Pre-filtering vs. Post-filtering

When you combine metadata filtering with vector search, the filter can be applied before or during the ANN search (pre-filter) or after retrieving candidates (post-filter). The choice affects recall, latency, and how many candidates you need to fetch. This topic compares both approaches and when to use each.

Summary

With metadata filtering, the filter can be applied before/during ANN (pre-filter) or after retrieval (post-filter); the choice affects recall, latency, and how many candidates to fetch.
Post-filtering: run vector search, then drop non-matching candidates. Simple and works with any ANN; when the filter is selective you may need to over-fetch (e.g. 10× K) to get K results.
Pre-filtering: only consider points that pass the filter during traversal; true top-K within the filtered set but harder with ANN. Often implemented via in-bitmap checks or separate indexes per segment.
When the filter is very selective, pre-filter is usually better; when loose, post-filter is often sufficient and easier.
Practical tip: measure selectivity of your filters; use post-filter with oversample (e.g. 5–10× K) for quick rollout; move to pre-filter when latency or recall within the filtered set matters.

Post-filtering

Post-filtering: run the vector search over the full index (or a coarse partition), get top-K candidates, then remove any that don’t match the metadata filter. Simple and works with any ANN index, but if the filter is selective (e.g. 1% of data), most of the top-K may be filtered out and you end up with fewer than K results.

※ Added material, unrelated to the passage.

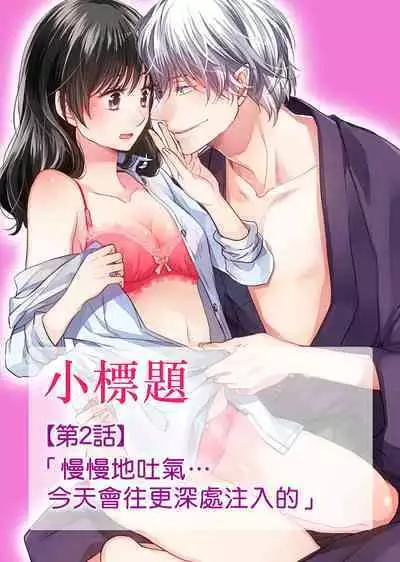 koi no kamisama wa sukebenanodesu. | 恋爱神明大人是色鬼 1-3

To compensate, you often request more candidates (e.g. 10× K) and then filter and take the top K—at the cost of more distance computations and memory. Pipeline: query vector + filter → ANN returns N candidates (N ≥ K, often N = oversample × K) → apply filter to candidates → return top K. Trade-off: implementation is simple and index-agnostic; selective filters require large oversample and higher latency.

Pre-filtering

Pre-filtering: only consider points that pass the filter during graph traversal or cluster search. You never visit ineligible points, so latency can be lower and you get a true top-K within the filtered set. The difficulty is that ANN structures (e.g. HNSW) are built over all vectors; restricting to a subset on the fly can break connectivity and hurt recall.

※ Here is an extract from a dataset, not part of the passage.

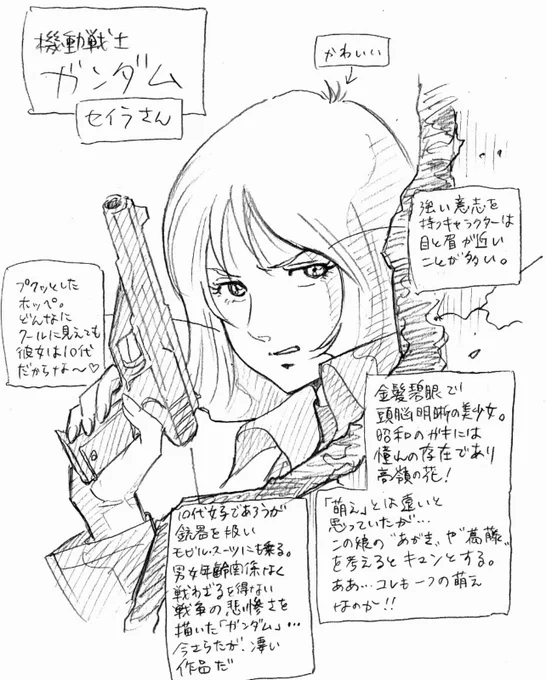 彼女たちになら罵られてもよい。
あ〜、オレってMだったんだな〜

Implementations use in-bitmap checks during traversal or build separate indexes per segment. When the filter is very selective, pre-filtering is usually better; when it’s loose, post-filtering is often sufficient and easier. Trade-off: pre-filter gives correct top-K within the subset and can be faster when selective, but requires index support (e.g. bitmap integration) and can hurt recall if the filtered set is sparse. Practical tip: use metadata cardinality and selectivity to decide; benchmark both on your workload.

Frequently Asked Questions

What is post-filtering?

Post-filtering runs the vector search over the full index (or a coarse partition), gets top-K candidates, then removes any that don’t match the metadata filter. Simple and works with any ANN index; when the filter is selective you often request more candidates (e.g. 10× K) and then filter to get K results. See metadata filtering basics.

What is pre-filtering?

Pre-filtering only considers points that pass the filter during graph traversal or cluster search. You get a true top-K within the filtered set, but it is harder to implement with ANN because ANN structures are built over all vectors. In-bitmap filtering is a common approach.

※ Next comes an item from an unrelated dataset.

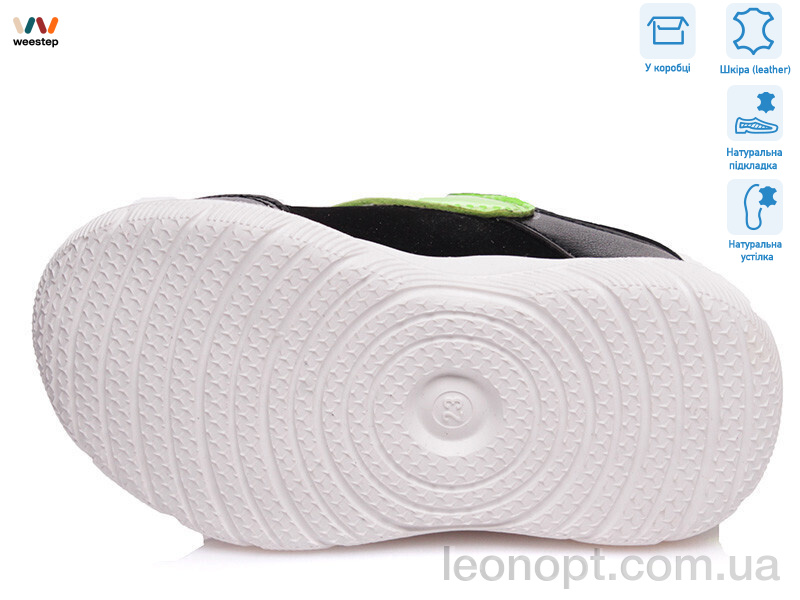 Кроссовки Weestep R812653225 BK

When should I use pre-filter vs. post-filter?

When the filter is very selective (e.g. 1% of data), pre-filtering is usually better for latency and recall. When the filter is loose, post-filtering is often sufficient and easier. Consider how metadata cardinality affects query performance.

How do I get enough results when post-filtering?

Request more candidates than K (e.g. 10× K), run the vector search, then filter and take the top K. This increases distance computations and memory; tuning depends on your recall and latency requirements.